RedCliff Ascent provides unique and comprehensive treatment for young people with emotional, behavioral and substance abuse problems. Its program is based around experiences that can only be gained through intense, lengthy contact with nature, as well as proven therapies and client-focused treatment. While clients will surely be challenged and out of their comfort zones, they are guaranteed to be cared for by a qualified and compassionate team. Clients requiring diagnostic assessment are charged on top of the daily fee, but it is at a reduced rate. All clients receive random urinalysis, the cost of which is included. Insurance does not cover any portion of the fees.

RedCliff Ascent Location

709 East Main St, P.O Box 1027
Enterprise, UT 84725

 Redcliff Ascent Cost

$13,500 (for 30 days). Reach Redcliff Ascent by phone at (435) 414-6222 or by email here.

Do you have a complaint or review of Redcliff Ascent to add? Use the comments area below to add your Redcliff Ascent review.



  1. Cassandra (Vander Wiele) Bowie on

    I attended redcliff from March 1997 to May 1997. I wasn’t a ‘troubled child,’ I was an advanced placement, A-student; I was on the drill team. There was not a single red Flag on my side of the fence However, my upper-middle-class parents just happened to live, literally between two physicians during what I consider an opiate epidemic, remember, this was the late 90s. I was sent to redcliff upon getting snappy with my mother. I don’t even remember exactly what it was over but I do remember 2 days later we were on a plane. My first week there, there was a night, I honestly thought I was going to die. To this day, I still have the journals I kept. I can still smell the wood smoke on them, the blood, the dirt because for 52 days I did not have a bath, a shower, no hygiene. Psychologically, I cannot easily convey all this did to me, a 16/17 year old child. I can summarize it as traumatic. Even now, as a successful adult, wife, parent, it’s something I still think about. Something I still reference. It was the most extreme, unnecessary experience of my life. One could never, ever begin to fathom what these children experience unless they themselves endure it.

  2. Redcliff is one of the most heinous excuses for anything that could even begin to call itself therapy. The staff are total idiots for the most part, despite their incredibly high opinions of themselves, that seem to delight in the kids discomfort and punishment, while constantly bragging about all their wilderness qualifications, yet they seem to miss out the fact you don’t need any sort of real academic qualifications, and some of the staff training involves putting people they don’t know well at all in a small area with lots of at risk teens, when i was there they brought this guy in who clearly didn’t know what he was doing, aside from that the only people that this program will help are those who just blindly follow orders, i got out because I realised you just have to do what they say, but if i were to stay true to my word, I’d still be there, were it not for the hefty price tag that comes with it, mind you, tha’ts not because you get alot, you basically get a backpack, (after you earned it which can take a while) a note pad, some rice, a bit of lentils, maybe a can of tuna here and there, yeah, you get my point, the vast, vast majority of the expenses go to the insurance, which i assume they must have to deal with alot owing to their staffs attitude I wouldn’t be surprised at all if there were other previously unsurfaced cases of full on psychological and physical abuse.

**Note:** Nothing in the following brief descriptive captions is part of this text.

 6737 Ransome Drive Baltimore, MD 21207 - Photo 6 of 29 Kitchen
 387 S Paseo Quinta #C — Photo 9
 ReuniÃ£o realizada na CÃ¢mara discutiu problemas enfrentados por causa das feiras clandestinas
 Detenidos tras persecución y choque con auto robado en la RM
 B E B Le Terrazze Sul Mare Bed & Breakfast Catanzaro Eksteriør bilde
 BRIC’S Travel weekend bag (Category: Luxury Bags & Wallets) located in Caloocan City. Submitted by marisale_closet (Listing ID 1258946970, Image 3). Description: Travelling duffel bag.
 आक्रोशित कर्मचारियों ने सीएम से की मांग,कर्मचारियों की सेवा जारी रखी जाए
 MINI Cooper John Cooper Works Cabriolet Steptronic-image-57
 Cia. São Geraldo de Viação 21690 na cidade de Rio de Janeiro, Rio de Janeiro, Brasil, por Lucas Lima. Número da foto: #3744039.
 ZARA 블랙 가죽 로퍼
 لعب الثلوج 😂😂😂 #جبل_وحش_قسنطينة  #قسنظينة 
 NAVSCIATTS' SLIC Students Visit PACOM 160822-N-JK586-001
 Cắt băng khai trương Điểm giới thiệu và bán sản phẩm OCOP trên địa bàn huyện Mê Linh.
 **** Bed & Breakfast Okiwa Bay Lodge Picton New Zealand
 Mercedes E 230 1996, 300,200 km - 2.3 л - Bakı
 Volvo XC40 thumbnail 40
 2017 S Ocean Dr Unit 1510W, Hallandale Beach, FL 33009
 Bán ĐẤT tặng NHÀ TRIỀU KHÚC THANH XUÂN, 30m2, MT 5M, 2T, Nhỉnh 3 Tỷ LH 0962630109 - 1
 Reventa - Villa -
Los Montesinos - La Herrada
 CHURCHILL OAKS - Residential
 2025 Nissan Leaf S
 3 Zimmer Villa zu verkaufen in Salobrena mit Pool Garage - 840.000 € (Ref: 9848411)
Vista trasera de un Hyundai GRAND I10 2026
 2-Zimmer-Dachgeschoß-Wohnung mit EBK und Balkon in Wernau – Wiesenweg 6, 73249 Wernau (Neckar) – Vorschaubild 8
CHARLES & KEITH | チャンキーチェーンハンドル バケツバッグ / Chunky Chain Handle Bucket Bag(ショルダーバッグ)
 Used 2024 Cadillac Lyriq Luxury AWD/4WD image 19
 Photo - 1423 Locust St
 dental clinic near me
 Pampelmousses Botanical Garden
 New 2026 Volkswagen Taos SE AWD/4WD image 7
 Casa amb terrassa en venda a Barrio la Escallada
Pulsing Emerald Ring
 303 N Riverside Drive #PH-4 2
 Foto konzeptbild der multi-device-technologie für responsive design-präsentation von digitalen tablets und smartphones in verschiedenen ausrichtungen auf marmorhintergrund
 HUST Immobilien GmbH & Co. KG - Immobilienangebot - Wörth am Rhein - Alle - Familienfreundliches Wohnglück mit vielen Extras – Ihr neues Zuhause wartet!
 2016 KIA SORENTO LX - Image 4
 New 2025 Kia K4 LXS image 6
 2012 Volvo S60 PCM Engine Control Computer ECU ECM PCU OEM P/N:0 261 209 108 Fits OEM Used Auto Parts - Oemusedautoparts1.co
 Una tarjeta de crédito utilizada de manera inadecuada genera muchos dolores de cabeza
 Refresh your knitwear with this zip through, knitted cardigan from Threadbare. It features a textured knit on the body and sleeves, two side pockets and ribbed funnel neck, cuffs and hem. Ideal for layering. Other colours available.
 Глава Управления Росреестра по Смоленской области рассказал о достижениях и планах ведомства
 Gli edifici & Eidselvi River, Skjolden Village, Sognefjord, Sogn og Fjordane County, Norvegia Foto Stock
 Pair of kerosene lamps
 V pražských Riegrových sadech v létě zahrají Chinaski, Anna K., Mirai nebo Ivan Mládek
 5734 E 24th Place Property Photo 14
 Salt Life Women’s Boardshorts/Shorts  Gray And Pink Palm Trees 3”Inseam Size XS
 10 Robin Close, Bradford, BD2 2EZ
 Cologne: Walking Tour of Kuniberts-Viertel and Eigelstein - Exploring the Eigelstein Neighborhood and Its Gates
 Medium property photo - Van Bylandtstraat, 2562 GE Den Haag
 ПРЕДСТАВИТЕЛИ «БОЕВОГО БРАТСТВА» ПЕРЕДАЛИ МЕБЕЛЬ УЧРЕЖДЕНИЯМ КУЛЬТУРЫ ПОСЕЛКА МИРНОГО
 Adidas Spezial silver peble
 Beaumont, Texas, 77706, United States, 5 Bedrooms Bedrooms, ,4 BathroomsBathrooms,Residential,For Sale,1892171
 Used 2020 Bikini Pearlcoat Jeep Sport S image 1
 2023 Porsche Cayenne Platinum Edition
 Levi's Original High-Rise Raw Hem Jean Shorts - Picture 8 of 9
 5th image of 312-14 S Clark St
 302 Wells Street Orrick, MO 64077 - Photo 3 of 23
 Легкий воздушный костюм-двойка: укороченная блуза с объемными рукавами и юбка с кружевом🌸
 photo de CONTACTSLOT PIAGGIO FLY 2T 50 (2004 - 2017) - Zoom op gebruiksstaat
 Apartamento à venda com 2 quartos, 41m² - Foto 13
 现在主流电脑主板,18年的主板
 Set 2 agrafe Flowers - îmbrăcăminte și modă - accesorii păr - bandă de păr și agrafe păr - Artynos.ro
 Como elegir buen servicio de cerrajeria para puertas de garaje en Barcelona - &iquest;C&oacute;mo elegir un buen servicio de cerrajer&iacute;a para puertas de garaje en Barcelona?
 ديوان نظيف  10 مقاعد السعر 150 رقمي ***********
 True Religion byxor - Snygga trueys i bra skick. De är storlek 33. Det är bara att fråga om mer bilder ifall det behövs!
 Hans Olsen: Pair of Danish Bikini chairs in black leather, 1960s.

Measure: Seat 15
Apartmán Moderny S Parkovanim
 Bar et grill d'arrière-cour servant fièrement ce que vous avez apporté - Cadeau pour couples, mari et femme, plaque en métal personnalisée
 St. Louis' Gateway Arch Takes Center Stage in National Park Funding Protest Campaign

Who’s gonna believe the druggie kid eh? that’s one of the reasons these places thrived, they create jobs and treat these youths as disposable, if one dies, at least it was a down and outer, or so they say, save your money and the well-being of your kids and steer very clear of any type of wilderness therapy, if you want something like this, take them out on a hike yourself, you’ll find it far more bonding.